Ben held her gaze, his eyes intense and sincere. “No. He didn’t ask me to do that, Lilah. Not once. He kind of implied that it was something he’d always dreamed of and maybe he manipulated me into it. Maybe I allowed myself to be manipulated but he never asked. I never offered. The idea was mine alone. And I found myself more than willing to implement it.”

“Why?” The question was a helpless whisper.

“Because I wanted to make him happy. I just never considered how selfish it was. How unfair I was being to you. I married you fully intending for it to be a permanent arrangement but never once considered your long-term happiness. I thought if I was willing to make such a sacrifice for Cyrus, surely you would be too. And that was the premise I worked from.”

She worried her thumbnail cuticle with her teeth as she stared at him assessingly.

“Did you really think I knew about Gramps’s illness?”

“Yes.
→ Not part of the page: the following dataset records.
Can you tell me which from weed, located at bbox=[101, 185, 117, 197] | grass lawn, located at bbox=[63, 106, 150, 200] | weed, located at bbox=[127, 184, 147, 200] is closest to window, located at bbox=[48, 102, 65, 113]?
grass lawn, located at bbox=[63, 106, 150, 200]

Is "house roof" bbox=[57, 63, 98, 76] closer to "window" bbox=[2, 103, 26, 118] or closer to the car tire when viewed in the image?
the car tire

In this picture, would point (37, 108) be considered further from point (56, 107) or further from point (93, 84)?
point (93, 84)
Cyrus led me to believe he would tell you. And then he went on to say that your way of coping with grief was to ignore it and pretend everything was fine. I thought it was unhealthy as fuck but…”

“But you were so used to believing the worst of me, you didn’t even question it,” she completed for him and he grimaced.
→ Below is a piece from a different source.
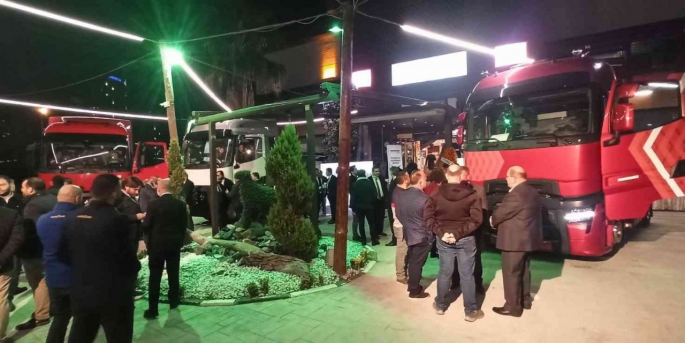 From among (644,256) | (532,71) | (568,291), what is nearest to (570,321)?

“I’d seen you do it with break-ups. I thought you were immature. I based that opinion on the reckless girl I thought I knew eight years ago…and never once took the time to get to the know the woman you’d become since then. That asthma attack when you were in college terrified me. It was easier to just base everything I thought I knew about you on that one horrifying incident—and take it upon myself to insure it never happened again—than it was to recognize that in the fifteen years I’d known you, that was the worst I’d ever seen it. And that it had been as a result of forces completely out of your control. I was unfair. And I’m so fucking sorry.”

She stopped worrying her cuticle and instead started plucking at her lower lip with her thumb and forefinger as she pondered his words.
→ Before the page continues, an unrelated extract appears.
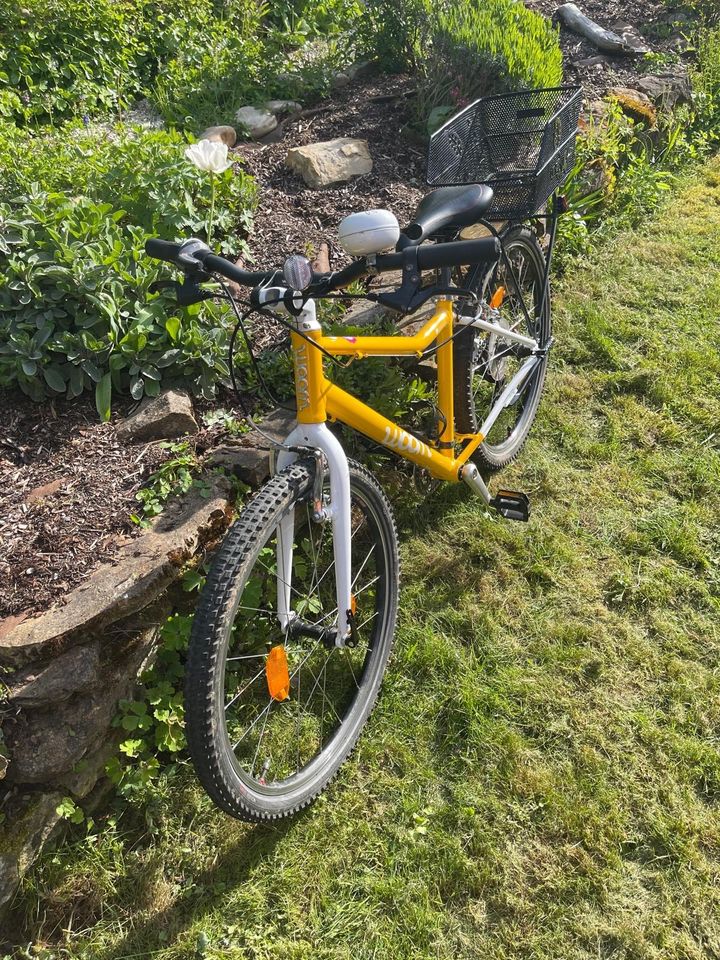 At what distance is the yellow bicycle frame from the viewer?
1.95 meters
“I’ve had a couple of bad scares since our marriage,” she pointed out.

“And both of those times were because of me. I was responsible for causing the one thing I’d done my utmost to prevent for the last eight years. I always carry an inhaler in the pocket of whatever jacket I’m wearing in case of emergencies.”

Well, that was an unexpected and touching revelation. And explained why he had an inhaler on hand at the wedding and the night she’d read Gramps’s letter.

She cleared her throat, moved by the unexpected confession, but she still had to set him straight. “That’s really sweet, Ben, but it’s not up to you to manage my disease. You can’t control when these things will happen.”

“I was the stressor…”

“Again, my disease, doesn’t matter who or what the stressor is… you’re not responsible for my asthma. You can’t swaddle me in bubble wrap, or prevent me from making stupid mistakes, you can’t protect me from life’s ugliness. I never wanted that from you. All I ever wanted was a lover, and a husband. Someone who was in love with me as a person and who loved me as an equal. Someone who wanted to spend as much of their waking moments with me as possible, who wanted to laugh and cry with me. Play with me. Just be with me. Someone to hold my hand when I’m scared, and breathe with me when I can’t physically manage it on my own.

“And I wanted to be that person for him as well. A friend and lover. A companion to share his pain. It’s the simplest thing in the world. But it’s not something I can have with you. I know that now.”